Cloud-init Issue with VMware

Problem:
I used HashiCorp Packer and ks.cfg to build a gold image from CentOS 8/9 DVD iso. It has cloud-init baked and I followed the insturction from the doc (11.7. Using VMware cloud-init and userdata templates for provisioning) as well.
Once the vm has been converted to the vm template in vsphere. I go to Compute resource → Image → Link the VM template. Everything was fine and working great during the image-based provisioning.
However, what I noticed was my VM will reboot after 30 seconds when the VM is booted and cloud-init and userdata templates were being applied. I think the reboot broke the configuration process and the VM was not fully configured with all the snippets config applied.
I have no idea why it happened.

I checked the /var/log/message and I could not find any hints. my cloud-init template general summary:

  1. set hostname
  2. update time
  3. add authorized keys
  4. subscribe to foreman
  5. install some packages from repo
  6. configure sssd and realm to join the domain/ad authentication
  7. install puppet-agent, update config file and then run puppet agent -t
    But it always reboot in the last step where the VM has puppet-agent install but sometimes cannot update the puppet.conf file. it casued the VM failure to get the puppet classes.

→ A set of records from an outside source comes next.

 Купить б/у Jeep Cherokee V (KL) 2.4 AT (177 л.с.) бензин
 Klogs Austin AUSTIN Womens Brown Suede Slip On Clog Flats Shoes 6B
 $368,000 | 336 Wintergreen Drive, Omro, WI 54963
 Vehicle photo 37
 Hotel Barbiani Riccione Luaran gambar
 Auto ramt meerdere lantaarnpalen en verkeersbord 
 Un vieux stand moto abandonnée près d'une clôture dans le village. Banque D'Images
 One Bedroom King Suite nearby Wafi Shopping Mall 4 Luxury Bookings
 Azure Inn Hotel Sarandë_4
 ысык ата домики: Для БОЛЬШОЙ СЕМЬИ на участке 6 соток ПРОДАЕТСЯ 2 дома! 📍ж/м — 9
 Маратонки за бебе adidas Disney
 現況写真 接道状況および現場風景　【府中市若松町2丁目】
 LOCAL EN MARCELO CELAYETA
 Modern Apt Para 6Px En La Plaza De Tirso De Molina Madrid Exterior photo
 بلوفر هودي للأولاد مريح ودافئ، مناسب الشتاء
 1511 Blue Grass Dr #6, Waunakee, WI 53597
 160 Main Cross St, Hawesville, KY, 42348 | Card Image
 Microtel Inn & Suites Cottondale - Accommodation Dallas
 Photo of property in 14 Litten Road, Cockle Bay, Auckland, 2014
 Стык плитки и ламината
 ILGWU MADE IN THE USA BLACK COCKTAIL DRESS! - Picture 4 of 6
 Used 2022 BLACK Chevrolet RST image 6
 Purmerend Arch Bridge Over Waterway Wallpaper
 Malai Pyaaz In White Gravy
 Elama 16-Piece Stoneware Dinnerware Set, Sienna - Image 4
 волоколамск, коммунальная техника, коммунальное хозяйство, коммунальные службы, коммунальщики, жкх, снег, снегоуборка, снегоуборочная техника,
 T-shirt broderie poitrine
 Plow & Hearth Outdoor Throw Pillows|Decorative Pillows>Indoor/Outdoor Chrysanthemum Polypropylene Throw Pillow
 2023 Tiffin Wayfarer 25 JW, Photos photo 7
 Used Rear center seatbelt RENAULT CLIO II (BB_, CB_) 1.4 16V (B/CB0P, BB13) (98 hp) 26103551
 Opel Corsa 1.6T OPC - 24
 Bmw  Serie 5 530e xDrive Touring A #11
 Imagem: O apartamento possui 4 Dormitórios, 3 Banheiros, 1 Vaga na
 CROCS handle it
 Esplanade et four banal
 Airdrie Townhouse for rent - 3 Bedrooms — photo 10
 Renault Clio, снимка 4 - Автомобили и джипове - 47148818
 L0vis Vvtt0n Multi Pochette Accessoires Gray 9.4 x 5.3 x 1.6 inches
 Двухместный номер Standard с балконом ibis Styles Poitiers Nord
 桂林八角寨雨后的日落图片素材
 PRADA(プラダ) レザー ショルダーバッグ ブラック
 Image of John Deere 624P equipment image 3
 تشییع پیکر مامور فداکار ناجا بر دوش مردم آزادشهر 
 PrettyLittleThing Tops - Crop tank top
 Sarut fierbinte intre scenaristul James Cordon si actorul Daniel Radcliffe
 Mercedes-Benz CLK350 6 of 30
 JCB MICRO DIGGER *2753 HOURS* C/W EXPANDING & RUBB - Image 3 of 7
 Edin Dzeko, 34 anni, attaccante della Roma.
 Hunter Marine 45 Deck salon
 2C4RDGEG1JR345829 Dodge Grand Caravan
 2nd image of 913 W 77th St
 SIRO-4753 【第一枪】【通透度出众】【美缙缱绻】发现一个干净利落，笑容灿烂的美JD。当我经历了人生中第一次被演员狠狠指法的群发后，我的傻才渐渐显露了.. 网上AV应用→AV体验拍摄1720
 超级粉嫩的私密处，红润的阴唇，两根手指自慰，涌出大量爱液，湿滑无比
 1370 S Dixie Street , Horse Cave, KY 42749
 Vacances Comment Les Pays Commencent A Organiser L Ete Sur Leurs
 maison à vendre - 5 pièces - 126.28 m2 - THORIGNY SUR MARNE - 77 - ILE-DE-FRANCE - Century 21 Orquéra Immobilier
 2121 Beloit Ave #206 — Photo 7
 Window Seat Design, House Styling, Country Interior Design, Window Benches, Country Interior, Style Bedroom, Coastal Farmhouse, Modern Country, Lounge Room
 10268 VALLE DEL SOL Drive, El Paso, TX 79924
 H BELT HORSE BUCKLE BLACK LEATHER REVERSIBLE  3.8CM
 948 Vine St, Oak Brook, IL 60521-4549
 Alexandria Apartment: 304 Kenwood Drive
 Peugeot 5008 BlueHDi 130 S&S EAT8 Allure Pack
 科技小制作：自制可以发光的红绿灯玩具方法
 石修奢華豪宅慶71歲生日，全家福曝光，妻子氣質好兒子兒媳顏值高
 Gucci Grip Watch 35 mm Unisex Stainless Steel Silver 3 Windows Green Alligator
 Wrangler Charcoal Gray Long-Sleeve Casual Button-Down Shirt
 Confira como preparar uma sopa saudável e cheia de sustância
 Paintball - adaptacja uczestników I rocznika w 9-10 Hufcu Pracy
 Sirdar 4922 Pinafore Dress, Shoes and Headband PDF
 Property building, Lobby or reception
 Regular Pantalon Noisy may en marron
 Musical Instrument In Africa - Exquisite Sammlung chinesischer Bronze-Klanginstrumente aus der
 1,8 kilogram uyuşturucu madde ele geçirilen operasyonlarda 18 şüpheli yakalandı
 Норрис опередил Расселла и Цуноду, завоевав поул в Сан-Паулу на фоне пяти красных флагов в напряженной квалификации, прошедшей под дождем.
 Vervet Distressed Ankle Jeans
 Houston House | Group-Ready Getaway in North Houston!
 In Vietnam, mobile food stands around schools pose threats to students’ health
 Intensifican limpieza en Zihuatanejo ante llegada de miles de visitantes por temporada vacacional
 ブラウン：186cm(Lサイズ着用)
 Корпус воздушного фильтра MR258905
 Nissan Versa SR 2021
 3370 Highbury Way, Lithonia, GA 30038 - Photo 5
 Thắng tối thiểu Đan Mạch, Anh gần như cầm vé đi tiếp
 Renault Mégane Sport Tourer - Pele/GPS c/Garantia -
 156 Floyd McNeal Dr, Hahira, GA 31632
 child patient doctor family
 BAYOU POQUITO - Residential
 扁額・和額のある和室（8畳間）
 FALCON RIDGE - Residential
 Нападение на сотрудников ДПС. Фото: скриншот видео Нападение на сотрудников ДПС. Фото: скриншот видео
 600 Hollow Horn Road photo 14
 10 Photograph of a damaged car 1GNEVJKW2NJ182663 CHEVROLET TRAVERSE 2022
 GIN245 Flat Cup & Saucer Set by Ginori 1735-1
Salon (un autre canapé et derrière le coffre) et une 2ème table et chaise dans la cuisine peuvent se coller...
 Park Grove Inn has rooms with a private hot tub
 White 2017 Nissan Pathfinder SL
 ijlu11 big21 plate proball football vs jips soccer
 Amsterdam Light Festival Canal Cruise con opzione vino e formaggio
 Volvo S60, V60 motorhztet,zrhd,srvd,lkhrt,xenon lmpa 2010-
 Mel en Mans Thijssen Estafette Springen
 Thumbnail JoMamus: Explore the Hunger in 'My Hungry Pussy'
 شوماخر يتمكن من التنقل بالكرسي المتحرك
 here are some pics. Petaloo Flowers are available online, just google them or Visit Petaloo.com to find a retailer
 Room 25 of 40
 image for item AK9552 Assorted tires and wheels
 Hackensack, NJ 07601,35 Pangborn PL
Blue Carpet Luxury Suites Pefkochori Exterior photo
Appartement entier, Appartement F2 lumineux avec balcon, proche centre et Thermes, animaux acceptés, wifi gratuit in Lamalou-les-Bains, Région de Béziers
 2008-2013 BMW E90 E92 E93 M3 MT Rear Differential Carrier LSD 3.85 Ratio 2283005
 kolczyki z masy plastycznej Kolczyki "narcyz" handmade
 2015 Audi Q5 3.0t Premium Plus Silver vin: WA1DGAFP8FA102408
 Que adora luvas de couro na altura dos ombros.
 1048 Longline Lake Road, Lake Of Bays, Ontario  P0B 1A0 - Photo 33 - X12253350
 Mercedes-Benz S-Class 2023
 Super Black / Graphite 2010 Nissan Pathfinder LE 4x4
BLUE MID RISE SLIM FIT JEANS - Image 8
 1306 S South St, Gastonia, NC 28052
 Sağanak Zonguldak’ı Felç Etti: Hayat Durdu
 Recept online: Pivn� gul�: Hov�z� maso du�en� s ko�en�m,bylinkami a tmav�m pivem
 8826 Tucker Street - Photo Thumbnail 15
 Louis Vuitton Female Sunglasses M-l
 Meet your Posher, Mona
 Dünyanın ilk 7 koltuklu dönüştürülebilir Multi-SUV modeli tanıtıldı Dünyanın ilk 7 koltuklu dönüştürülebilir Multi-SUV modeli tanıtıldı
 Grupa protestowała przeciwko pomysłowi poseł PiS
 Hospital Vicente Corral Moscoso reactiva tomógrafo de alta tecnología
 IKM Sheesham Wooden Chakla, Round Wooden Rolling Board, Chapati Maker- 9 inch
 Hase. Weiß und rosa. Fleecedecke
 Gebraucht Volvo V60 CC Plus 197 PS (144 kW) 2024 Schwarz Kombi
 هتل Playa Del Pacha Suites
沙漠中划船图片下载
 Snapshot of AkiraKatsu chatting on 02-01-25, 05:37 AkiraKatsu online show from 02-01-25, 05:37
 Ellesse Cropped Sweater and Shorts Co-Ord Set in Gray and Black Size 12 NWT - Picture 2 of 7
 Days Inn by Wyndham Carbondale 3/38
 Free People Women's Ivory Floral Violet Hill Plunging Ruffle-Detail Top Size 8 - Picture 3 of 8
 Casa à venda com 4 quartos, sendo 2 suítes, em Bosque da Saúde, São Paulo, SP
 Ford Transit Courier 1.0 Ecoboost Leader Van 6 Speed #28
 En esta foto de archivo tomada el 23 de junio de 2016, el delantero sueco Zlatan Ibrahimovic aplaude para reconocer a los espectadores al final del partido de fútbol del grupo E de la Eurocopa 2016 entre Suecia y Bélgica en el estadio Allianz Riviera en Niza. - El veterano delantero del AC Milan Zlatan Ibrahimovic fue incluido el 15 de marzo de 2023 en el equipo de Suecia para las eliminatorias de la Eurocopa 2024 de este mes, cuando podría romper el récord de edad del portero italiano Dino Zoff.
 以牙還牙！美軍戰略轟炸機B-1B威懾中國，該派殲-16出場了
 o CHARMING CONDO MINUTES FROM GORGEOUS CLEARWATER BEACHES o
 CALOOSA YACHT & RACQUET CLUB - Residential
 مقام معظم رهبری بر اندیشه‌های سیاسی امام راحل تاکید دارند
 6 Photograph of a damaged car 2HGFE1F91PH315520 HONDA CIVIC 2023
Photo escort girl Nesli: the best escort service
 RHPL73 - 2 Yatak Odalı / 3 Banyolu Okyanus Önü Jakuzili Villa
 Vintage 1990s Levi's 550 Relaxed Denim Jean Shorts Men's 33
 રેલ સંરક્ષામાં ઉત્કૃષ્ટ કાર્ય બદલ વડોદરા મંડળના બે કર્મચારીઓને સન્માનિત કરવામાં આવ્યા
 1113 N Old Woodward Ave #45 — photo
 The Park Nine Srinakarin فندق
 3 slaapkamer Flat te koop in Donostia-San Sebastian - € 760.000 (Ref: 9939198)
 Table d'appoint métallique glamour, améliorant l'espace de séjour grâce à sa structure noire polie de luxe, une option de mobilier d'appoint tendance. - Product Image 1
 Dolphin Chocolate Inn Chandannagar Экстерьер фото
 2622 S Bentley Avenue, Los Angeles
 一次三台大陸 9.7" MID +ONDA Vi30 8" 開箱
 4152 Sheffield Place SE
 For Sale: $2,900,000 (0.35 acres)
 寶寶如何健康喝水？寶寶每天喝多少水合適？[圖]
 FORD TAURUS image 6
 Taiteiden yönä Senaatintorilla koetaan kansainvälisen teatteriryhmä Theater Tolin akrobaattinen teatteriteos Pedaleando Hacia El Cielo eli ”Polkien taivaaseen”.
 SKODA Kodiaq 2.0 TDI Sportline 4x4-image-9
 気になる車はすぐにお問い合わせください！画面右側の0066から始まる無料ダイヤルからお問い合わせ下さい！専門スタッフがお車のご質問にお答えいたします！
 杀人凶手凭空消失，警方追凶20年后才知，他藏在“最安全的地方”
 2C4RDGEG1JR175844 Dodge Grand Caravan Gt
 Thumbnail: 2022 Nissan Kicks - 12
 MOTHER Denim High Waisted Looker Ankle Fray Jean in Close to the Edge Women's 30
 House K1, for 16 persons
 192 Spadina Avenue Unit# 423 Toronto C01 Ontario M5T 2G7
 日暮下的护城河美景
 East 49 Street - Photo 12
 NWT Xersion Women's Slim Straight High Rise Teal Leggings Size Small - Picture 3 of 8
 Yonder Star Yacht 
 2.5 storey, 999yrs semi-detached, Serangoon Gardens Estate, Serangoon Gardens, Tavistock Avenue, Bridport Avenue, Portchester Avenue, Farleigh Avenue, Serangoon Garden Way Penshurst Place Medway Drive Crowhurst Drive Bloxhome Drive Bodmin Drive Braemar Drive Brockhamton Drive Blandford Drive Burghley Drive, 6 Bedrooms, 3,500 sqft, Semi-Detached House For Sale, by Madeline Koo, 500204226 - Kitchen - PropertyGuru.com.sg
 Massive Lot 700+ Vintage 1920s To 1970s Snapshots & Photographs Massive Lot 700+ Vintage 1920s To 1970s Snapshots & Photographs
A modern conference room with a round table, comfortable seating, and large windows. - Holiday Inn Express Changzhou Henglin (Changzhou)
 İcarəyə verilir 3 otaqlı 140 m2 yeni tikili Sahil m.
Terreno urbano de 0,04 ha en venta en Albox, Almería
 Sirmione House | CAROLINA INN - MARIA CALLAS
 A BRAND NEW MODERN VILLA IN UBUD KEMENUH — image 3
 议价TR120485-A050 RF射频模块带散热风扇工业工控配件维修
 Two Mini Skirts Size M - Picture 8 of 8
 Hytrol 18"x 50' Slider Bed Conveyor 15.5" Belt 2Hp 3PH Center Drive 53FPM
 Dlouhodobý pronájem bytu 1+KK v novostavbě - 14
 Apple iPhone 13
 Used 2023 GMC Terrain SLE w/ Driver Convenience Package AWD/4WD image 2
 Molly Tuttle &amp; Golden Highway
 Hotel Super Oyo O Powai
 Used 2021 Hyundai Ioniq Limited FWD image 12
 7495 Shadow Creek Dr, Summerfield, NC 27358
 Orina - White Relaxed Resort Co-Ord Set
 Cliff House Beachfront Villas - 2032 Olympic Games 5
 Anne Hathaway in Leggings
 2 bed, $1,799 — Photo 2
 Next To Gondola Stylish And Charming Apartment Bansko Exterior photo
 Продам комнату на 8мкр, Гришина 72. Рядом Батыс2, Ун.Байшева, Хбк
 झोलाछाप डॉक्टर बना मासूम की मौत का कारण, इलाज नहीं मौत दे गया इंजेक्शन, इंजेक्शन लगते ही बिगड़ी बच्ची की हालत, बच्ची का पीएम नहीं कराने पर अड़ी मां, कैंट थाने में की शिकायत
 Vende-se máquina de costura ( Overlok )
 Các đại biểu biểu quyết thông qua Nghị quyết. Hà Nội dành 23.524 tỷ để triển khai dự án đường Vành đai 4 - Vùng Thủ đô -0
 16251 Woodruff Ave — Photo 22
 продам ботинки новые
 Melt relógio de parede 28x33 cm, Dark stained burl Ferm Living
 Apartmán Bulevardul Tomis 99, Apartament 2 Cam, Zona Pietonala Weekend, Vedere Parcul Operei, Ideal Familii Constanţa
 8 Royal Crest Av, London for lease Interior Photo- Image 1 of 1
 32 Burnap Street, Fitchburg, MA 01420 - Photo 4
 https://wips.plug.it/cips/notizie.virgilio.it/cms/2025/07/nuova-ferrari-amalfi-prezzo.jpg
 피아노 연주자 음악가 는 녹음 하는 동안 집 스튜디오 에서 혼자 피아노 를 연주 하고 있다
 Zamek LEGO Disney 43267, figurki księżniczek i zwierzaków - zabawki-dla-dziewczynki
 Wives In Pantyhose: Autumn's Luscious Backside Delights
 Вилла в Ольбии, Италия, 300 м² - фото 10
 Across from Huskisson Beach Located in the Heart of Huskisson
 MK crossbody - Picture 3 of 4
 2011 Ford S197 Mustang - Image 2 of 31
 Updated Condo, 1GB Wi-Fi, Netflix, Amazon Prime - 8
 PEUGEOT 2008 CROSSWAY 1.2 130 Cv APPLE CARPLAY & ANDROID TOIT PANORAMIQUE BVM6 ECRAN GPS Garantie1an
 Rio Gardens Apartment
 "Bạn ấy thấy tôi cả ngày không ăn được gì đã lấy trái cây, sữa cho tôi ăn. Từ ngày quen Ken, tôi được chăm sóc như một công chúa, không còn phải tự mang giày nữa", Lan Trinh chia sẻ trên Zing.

I checked my snippet and there is no trigger for the reboot.

The error before the reboot is ‘failed unmounting /var’ but I think it is triggerred by the reboot as we have a partition on /var.
I have no idea why it reboots.

Expected outcome:
I expected that there is no reboot after the VM is provisoined via foreman with image-based option.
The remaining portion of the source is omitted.